Crawled caption data:

[Start of section]

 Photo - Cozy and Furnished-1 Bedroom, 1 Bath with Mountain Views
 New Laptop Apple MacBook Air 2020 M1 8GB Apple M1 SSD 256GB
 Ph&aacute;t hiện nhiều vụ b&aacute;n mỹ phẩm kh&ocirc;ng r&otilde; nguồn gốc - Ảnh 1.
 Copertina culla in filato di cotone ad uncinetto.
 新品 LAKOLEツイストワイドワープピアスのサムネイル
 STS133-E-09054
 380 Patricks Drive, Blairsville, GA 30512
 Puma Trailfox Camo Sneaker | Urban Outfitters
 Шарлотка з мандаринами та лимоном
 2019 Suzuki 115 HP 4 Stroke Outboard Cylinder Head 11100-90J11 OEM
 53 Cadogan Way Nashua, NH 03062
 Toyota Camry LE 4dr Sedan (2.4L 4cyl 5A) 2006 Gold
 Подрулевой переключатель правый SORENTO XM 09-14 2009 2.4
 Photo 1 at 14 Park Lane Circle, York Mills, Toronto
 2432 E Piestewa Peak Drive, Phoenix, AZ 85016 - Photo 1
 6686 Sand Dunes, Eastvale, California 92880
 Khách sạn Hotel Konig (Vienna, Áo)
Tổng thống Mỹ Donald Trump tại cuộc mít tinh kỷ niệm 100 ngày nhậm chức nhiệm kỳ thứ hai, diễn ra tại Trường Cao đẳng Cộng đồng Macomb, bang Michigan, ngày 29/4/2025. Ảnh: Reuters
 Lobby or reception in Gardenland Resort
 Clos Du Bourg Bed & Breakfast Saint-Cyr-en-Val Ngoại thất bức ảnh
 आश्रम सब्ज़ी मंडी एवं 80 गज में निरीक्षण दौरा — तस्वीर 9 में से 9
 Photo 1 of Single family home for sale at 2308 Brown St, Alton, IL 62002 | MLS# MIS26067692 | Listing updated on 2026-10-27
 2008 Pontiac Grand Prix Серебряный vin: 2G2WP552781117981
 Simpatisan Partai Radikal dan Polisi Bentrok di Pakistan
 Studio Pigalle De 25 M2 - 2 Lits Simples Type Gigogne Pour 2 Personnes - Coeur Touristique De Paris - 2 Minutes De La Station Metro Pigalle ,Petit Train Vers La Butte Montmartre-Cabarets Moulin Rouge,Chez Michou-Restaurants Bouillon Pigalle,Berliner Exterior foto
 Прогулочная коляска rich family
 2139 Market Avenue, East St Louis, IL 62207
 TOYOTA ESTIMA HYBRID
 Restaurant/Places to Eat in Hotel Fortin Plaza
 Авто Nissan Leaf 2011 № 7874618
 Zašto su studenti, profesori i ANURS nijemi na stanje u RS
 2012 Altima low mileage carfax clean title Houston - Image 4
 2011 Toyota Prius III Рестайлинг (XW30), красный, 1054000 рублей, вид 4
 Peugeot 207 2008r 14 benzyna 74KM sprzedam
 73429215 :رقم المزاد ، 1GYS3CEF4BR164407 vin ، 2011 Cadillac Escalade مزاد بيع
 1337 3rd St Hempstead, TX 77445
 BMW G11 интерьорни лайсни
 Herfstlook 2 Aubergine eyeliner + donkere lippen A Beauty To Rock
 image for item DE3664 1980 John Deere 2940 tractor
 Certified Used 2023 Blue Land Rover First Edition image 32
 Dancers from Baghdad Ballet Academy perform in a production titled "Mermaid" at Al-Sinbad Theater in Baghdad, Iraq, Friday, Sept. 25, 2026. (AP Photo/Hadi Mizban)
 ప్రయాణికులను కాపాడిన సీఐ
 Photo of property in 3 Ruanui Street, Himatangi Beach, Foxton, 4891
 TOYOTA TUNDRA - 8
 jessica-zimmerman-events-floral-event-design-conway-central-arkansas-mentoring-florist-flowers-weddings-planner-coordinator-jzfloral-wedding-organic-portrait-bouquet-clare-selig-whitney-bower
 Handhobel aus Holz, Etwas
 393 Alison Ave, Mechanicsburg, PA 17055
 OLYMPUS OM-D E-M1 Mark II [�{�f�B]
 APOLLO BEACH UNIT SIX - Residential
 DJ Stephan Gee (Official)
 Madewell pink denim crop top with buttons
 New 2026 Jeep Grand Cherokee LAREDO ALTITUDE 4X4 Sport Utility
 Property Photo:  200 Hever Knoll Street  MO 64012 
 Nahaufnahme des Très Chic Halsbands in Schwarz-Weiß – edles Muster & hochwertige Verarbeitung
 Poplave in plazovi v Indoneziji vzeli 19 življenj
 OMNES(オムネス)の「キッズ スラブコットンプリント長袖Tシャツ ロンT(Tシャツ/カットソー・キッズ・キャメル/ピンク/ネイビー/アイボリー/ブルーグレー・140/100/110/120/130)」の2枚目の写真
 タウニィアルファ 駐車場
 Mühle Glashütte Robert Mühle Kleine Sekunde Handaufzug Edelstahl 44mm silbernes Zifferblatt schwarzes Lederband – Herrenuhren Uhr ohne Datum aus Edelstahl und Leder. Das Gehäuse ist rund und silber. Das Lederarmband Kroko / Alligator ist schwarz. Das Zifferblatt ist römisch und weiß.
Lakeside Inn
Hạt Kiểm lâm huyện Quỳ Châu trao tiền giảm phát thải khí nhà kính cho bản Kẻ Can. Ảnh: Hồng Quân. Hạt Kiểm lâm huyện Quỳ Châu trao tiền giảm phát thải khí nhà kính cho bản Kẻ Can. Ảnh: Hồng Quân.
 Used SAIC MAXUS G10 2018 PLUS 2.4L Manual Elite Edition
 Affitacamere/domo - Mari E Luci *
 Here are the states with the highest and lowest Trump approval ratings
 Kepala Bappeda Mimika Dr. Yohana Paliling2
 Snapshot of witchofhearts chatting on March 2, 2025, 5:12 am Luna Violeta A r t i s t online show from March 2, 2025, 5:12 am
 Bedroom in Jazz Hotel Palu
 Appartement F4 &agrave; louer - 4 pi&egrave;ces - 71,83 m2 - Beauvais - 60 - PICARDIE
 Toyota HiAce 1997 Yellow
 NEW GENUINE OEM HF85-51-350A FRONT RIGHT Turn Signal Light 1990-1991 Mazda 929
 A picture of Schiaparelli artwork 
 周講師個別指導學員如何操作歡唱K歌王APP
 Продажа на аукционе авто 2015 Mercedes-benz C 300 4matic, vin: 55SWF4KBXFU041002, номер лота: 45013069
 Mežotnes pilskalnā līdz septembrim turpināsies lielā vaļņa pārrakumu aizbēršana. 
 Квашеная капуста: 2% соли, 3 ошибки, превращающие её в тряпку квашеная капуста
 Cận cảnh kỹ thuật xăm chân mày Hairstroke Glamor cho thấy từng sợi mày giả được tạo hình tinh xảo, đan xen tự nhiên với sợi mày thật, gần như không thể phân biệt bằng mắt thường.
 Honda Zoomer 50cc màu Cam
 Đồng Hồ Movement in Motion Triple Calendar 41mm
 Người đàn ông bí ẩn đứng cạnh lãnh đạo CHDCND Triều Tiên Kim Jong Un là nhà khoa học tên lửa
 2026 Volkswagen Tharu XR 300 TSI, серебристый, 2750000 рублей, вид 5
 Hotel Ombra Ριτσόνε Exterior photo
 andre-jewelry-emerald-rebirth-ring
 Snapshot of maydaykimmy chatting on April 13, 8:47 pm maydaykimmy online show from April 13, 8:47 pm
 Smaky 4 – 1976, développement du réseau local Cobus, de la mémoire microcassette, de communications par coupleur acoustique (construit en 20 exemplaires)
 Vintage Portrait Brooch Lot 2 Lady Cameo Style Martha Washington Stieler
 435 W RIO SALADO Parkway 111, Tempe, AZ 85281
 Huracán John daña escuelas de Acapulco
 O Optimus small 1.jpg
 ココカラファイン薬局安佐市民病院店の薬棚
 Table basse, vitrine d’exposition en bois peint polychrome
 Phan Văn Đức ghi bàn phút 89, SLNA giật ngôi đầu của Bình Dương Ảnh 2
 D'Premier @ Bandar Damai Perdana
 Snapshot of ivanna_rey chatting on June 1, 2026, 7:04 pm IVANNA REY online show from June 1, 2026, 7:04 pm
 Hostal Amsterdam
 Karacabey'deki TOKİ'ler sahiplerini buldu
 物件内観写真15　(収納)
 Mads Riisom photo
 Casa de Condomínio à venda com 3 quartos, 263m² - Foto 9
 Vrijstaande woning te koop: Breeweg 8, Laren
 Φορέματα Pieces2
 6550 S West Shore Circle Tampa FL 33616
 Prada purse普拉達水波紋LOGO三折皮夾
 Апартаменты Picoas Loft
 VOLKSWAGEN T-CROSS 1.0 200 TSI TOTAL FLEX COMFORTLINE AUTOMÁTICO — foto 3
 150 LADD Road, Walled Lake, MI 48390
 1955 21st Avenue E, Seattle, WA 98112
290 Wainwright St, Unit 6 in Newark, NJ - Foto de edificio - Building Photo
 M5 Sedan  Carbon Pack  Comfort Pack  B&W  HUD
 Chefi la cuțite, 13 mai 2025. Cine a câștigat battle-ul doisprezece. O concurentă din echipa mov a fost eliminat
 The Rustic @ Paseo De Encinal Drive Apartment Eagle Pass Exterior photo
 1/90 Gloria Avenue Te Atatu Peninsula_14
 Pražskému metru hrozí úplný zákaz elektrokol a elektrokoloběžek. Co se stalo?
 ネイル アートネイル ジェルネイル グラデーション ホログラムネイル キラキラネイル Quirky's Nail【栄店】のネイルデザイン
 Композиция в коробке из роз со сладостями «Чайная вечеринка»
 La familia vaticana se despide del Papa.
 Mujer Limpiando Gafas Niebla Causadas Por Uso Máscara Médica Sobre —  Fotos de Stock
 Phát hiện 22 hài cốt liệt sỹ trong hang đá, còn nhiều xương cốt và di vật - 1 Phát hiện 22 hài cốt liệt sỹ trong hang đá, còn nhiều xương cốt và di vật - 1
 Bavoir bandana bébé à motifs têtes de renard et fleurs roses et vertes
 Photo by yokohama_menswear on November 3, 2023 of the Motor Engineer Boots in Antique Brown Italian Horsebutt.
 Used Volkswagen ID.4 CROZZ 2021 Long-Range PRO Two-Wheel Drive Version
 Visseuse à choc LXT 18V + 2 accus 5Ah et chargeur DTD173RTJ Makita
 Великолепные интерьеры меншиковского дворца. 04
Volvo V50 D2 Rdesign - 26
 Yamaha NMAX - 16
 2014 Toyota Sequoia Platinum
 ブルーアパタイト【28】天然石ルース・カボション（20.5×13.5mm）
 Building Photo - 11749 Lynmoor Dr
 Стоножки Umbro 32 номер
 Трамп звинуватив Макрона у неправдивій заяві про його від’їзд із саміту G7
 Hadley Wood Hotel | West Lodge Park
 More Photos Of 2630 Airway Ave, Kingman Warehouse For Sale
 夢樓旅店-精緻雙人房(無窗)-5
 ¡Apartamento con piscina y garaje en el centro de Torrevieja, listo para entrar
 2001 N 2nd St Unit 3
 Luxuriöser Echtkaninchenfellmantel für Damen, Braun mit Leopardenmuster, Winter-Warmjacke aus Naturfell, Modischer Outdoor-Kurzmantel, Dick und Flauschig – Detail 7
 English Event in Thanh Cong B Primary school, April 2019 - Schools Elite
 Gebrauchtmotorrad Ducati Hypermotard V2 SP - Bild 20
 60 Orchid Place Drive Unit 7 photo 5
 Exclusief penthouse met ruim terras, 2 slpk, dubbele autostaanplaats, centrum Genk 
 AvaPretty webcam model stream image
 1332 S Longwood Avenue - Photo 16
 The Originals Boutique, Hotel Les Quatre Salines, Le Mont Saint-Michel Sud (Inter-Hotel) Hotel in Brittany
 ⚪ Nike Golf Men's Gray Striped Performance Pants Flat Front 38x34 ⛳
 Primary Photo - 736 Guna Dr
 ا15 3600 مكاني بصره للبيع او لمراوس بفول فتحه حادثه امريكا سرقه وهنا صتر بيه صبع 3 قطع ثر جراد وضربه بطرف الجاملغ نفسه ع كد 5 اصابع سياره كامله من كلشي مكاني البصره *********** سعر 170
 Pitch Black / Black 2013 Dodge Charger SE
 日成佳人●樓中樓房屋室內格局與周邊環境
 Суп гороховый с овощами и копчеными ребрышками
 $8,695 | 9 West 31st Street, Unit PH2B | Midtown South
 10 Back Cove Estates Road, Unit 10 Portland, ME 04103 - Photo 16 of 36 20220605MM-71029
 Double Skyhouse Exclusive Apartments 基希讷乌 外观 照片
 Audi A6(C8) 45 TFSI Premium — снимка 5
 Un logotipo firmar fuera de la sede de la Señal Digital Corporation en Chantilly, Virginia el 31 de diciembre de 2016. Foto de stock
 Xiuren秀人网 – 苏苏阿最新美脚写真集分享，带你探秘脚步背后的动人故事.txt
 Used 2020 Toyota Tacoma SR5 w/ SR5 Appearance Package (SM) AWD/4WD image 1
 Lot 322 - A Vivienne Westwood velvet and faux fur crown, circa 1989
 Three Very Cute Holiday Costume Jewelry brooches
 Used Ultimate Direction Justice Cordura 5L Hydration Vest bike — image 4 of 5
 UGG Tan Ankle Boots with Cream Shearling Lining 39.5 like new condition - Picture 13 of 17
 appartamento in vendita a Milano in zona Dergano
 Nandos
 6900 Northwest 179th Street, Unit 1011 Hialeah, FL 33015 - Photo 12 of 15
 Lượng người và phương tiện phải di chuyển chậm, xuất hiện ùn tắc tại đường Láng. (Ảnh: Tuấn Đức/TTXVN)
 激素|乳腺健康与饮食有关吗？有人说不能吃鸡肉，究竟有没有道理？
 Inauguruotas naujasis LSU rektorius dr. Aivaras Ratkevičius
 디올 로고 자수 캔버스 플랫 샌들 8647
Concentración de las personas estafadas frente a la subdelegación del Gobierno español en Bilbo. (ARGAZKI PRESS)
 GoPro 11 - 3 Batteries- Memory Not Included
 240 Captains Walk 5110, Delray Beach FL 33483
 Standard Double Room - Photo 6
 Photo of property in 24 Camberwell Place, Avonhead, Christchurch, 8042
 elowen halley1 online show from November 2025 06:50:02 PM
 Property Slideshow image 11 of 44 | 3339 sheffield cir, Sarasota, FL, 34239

[End of section]

Exercise
Each line from the one containing "Standard Double Room - Photo 6" to the final line of the entries above must be returned exactly, and no other line may appear.

Response to the task
 Standard Double Room - Photo 6
 Photo of property in 24 Camberwell Place, Avonhead, Christchurch, 8042
 elowen halley1 online show from November 2025 06:50:02 PM
 Property Slideshow image 11 of 44 | 3339 sheffield cir, Sarasota, FL, 34239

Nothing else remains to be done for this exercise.